The Prosciutto Museum is located in Langhirano, recognized as the capital of prosciutto.
The museum is part of a former Foro Boario, a 1929 rustic marketplace that has been completely restored. It was where people bargained for livestock, in an area known for its pork products.
Langhirano is a peaceful oasis with a mild climate, beautiful vineyards and the incredible Castello di Torrechiara. The castle is situated on a hill and surrounded by the original walls.
The castle has fascinating kitchens and beautifully frescoed rooms. In the Salone dei Giocolieri del Baglione, or Juggler’s Hall, there is a painting of acrobats juggling hoops while forming a pyramid on the backs of lions. Then there is the Sala della Vittoria, or Victory Room, with a fresco of the sky on the ceiling; the Sala degli Angeli, or Angel’s Room, dedicated to the Sforza family; the Salone degli Stemmi, or Coat of Arms Gallery; and the Camera d’Oro, or Golden Chamber.
The fresco in the chamber depicts Bianca Pellegrini, Pier Maria dei Rossi’s lover, in pilgrim’s clothing, walking through the Rossi estates. There are rocks, castles, fertile fields, vineyards and herds of pigs.
Inside the museum, there is an exhibition detailing the production of Parma’s prized cured meats. You can also follow the changes in production methods from ancient pork butchery to modern technologies.
There are eight sections in the museum composed of photographs, historic documents, machinery and audio-visual equipment. These objects help to define the region, the pig breeds used for certain products, the historic and political role of salt, pork butchery, and the many types of traditional Parma salumi. There is also information about importance of the Prosciutto di Parma Consortium and their work to safeguard quality.
A visit to the museum ends in the tasting room: a real prosciutto haven where salumi and local products are served.

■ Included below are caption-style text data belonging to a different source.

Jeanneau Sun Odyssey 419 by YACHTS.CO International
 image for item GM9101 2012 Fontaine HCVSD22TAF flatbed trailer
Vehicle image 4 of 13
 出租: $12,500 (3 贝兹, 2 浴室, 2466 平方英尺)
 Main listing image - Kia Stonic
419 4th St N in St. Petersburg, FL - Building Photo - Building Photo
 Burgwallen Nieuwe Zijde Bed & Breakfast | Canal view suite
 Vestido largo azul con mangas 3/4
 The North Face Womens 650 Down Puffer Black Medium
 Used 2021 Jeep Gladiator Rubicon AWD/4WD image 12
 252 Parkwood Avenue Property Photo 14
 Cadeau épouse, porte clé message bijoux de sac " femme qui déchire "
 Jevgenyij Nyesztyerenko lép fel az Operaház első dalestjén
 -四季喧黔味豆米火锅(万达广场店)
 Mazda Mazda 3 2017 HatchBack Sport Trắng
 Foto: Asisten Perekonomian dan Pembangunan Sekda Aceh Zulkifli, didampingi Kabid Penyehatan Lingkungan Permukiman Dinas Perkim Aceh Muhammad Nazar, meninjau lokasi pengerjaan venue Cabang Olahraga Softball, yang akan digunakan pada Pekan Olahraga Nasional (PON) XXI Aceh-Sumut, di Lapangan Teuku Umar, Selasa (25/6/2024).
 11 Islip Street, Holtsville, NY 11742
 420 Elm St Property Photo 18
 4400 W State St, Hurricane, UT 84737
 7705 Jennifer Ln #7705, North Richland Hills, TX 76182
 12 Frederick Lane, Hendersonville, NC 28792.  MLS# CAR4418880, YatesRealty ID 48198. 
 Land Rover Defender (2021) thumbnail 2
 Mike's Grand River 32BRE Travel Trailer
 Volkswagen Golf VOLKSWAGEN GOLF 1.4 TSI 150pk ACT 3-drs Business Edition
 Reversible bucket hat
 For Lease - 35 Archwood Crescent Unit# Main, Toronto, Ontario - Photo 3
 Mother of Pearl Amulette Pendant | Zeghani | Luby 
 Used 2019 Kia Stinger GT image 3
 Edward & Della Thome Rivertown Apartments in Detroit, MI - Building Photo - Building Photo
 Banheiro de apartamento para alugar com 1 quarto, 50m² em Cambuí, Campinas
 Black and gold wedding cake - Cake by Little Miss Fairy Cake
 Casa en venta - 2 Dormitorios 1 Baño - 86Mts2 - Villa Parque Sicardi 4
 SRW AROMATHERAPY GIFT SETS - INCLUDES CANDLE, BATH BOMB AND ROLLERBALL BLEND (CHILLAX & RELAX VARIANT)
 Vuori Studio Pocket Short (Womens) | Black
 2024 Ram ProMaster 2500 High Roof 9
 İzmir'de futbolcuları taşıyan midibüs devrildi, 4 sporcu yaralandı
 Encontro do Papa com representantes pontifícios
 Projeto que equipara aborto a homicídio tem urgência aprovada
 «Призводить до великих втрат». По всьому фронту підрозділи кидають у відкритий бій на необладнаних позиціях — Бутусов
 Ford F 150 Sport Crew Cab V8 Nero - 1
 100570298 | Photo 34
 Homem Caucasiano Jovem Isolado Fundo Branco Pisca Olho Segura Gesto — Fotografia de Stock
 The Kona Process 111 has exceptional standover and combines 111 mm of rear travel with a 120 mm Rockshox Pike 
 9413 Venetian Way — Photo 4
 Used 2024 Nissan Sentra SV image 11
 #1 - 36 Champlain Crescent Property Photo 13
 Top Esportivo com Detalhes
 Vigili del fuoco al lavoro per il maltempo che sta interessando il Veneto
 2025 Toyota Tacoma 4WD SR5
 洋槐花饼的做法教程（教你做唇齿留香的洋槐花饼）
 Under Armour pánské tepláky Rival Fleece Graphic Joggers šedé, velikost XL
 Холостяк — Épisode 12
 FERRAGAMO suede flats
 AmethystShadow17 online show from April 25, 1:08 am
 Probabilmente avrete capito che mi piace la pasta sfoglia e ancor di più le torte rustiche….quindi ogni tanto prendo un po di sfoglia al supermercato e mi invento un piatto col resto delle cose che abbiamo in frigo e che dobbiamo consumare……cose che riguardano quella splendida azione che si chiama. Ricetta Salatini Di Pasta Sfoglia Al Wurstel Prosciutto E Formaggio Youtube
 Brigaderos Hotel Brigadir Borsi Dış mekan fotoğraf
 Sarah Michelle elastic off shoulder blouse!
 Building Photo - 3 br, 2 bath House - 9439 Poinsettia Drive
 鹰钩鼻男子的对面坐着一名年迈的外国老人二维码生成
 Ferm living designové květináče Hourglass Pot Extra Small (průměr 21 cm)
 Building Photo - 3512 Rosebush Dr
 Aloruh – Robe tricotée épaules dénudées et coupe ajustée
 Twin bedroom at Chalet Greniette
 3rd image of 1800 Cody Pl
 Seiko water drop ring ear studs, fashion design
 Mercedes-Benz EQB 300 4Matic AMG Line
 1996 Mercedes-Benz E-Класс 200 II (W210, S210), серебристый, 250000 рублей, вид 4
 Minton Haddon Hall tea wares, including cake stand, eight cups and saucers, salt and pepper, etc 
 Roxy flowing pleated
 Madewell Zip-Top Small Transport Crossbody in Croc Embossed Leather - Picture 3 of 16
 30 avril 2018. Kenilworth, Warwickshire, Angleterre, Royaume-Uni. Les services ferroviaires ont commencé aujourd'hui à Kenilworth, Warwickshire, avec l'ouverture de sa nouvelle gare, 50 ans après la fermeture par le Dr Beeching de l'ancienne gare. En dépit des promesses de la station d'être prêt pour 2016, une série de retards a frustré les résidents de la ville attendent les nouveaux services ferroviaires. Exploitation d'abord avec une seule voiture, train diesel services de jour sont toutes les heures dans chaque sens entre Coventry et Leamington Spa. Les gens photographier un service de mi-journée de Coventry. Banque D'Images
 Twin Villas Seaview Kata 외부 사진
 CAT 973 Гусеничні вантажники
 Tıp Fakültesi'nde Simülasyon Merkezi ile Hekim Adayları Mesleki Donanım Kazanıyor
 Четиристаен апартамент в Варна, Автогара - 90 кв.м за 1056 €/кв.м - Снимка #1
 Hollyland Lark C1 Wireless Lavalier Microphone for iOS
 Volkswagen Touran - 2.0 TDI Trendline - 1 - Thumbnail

We suggest prolonging your trip in order to visit Pieve di San Michele Cavana or the silent cloister of the Benedictine abbey of Torrechiara.
Don’t miss the artistic masterpieces at the Magnani-Rocca Foundation and the numerous other jeweled cities along the Strada del Prosciutto e dei Vini dei Colli, a road winding past hillside vineyards and prosciutto-makers.